In 1912 Albania gained independence as the Ottoman Empire collapsed amid the Balkan wars. Its neighbours did not take kindly to this and a coalition of Christian forces from Montenegro, Serbia and Greece launched a war against the new entity. Albania was formally recognised as a nation after the second Balkan War a year later.
Founded in the 17th century, Tirana is a relatively young city by Albanian standards. It was not until 1920 that it became the capital. It wasn’t an easy time for the citizens of Tirana. For four years the city was pounded by the Serbian army and forces loyal to ousted Prime Minister Ahmet Zogu who was later to give himself royal delusions as King Zog I. Zog was a lucky, if hated, man. He survived no less than 55 assassination attempts including one time where he returned fire at his would-be killers. But having been supported by Mussolini, the Italians demanded more power and when Zog refused, Il Duce’s forces invaded and forced Zog into exile.
In World War II Mussolini used Albania as his launching pad to attack Greece. When that ended badly, the Germans took over in both countries. A local resistance organisation grew to defend Albania from the Italians and then Germany. Led by the French-educated Enver Hoxha, the resistance movement was extraordinarily successful and overthrew the German regime without Soviet support. Albania also protected its Jews and was the only country in Europe to have more Jews at the end of the war than it had at the beginning.
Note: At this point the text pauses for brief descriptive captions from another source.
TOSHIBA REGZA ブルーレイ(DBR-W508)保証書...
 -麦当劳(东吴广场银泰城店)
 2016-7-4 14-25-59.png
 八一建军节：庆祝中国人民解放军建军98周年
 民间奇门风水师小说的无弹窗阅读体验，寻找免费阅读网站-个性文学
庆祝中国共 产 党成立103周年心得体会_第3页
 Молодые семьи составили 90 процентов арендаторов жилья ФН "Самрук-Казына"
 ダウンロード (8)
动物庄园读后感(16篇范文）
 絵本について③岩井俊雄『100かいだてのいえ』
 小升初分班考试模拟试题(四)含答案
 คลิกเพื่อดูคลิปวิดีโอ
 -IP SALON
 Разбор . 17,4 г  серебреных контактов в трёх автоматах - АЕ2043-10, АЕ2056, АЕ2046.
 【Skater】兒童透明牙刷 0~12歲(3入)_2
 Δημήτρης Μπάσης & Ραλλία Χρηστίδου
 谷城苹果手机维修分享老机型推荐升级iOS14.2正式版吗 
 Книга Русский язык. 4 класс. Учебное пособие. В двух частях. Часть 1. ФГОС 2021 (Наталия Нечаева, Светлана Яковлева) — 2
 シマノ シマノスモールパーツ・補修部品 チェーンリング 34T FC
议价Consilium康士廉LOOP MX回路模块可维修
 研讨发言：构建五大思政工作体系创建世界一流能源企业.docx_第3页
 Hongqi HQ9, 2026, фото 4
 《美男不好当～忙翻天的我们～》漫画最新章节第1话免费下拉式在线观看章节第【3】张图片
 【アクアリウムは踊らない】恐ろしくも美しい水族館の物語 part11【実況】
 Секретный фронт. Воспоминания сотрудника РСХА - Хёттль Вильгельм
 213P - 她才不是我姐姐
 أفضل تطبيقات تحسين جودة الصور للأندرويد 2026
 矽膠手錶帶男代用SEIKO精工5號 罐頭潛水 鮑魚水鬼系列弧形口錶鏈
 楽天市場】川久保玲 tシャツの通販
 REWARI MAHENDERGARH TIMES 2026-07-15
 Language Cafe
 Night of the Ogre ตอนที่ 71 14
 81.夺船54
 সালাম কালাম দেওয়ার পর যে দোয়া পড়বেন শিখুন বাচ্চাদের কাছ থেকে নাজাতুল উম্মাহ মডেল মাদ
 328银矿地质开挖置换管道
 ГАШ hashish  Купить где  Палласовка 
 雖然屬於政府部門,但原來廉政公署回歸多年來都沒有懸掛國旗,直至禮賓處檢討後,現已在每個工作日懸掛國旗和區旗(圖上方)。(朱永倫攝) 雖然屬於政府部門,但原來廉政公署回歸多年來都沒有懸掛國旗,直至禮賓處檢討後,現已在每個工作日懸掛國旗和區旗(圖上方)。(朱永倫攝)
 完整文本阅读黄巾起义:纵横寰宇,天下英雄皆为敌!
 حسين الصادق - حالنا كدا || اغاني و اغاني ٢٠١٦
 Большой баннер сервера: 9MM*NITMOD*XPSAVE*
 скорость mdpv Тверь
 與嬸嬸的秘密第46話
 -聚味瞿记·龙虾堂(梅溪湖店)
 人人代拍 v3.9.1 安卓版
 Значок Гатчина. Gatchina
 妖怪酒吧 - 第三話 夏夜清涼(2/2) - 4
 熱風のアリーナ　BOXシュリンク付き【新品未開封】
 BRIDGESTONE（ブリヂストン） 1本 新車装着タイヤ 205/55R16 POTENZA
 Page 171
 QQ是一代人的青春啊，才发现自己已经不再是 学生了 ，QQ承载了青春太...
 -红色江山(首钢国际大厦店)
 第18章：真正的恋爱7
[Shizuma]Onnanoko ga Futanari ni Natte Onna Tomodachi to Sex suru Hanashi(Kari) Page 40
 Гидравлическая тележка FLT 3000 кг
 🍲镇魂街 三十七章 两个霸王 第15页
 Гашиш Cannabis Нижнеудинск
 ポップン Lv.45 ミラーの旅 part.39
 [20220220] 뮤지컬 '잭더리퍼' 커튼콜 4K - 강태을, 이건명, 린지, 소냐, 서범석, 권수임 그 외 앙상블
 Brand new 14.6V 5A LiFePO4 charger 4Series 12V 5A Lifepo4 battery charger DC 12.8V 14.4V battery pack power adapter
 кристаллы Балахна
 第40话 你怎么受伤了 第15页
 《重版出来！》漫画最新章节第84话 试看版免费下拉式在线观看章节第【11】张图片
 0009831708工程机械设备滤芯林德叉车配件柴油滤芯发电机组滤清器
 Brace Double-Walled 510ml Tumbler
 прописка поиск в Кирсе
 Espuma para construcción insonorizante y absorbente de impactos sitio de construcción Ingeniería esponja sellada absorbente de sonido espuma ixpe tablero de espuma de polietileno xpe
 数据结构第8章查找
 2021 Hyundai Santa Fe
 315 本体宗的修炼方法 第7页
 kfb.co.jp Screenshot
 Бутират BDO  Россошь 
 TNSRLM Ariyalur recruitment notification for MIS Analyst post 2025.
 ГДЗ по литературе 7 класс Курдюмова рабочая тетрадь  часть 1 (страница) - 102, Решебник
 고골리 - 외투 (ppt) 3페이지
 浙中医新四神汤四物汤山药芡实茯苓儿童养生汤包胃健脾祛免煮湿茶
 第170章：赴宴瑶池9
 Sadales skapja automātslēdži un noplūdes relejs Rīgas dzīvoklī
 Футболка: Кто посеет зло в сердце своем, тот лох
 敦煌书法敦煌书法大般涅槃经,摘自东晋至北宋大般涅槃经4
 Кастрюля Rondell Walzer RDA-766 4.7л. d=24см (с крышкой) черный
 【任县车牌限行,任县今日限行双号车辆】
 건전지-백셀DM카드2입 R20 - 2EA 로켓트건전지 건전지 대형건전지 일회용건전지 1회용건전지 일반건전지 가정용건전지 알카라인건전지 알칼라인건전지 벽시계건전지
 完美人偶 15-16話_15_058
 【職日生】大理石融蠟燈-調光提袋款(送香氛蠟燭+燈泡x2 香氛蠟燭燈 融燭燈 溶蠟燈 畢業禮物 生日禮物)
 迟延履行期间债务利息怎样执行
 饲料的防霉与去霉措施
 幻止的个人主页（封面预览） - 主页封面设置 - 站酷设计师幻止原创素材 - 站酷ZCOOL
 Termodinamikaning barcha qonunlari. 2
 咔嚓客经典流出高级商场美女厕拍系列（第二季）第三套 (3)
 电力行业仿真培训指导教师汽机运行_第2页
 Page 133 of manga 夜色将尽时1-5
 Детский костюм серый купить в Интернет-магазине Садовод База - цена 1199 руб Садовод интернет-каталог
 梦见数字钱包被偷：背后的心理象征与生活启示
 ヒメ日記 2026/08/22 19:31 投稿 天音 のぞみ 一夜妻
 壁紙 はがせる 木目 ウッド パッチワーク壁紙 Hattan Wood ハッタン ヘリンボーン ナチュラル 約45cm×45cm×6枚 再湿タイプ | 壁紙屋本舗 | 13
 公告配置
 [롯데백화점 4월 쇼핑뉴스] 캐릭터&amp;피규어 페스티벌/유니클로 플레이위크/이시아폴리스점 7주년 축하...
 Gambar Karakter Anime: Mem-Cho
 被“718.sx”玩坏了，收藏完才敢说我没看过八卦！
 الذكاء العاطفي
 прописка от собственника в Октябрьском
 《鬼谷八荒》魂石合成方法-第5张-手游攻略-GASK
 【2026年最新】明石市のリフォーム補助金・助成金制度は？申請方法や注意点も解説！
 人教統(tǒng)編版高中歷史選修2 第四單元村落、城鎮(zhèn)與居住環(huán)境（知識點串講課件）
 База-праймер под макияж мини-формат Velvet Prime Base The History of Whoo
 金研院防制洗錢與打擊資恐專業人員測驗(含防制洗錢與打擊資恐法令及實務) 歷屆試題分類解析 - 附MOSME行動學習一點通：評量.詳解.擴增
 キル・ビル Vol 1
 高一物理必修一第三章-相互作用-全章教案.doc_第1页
Hoxha had also supported the Yugoslav resistance and was helped into post-war power by a grateful Tito. He instituted his own form of Communism but Albania gradually became more isolated as Hoxha accused Yugoslavia of interference. He would lead the nation until his death in 1985. He became increasingly weird the older he got. He built 750,000 bunkers across the country in case of war. He banned beards. In 1978 his Code of Lekë made women property of their husbands stating: A woman is known as a sack, made to endure as long as she lives in her husband's house.
The fate of women and sacks remained precarious through the uncertain times of the late 1980s. After the fall of the Berlin Wall, the country made cautious moves towards reform. The Communists were routed in elections. Albania, like many of its neighbours, is now dealing with life as a full tilt capitalist country. The currency is still the lek, though the euro is accepted in many places. Tirana remains a very cheap city though as it works out how to attract tourists, that will quickly change. For now Tirana, like Albania as a whole, is in transition. The old certainties are gone - though perhaps nothing was certain under the unstable Hoxha.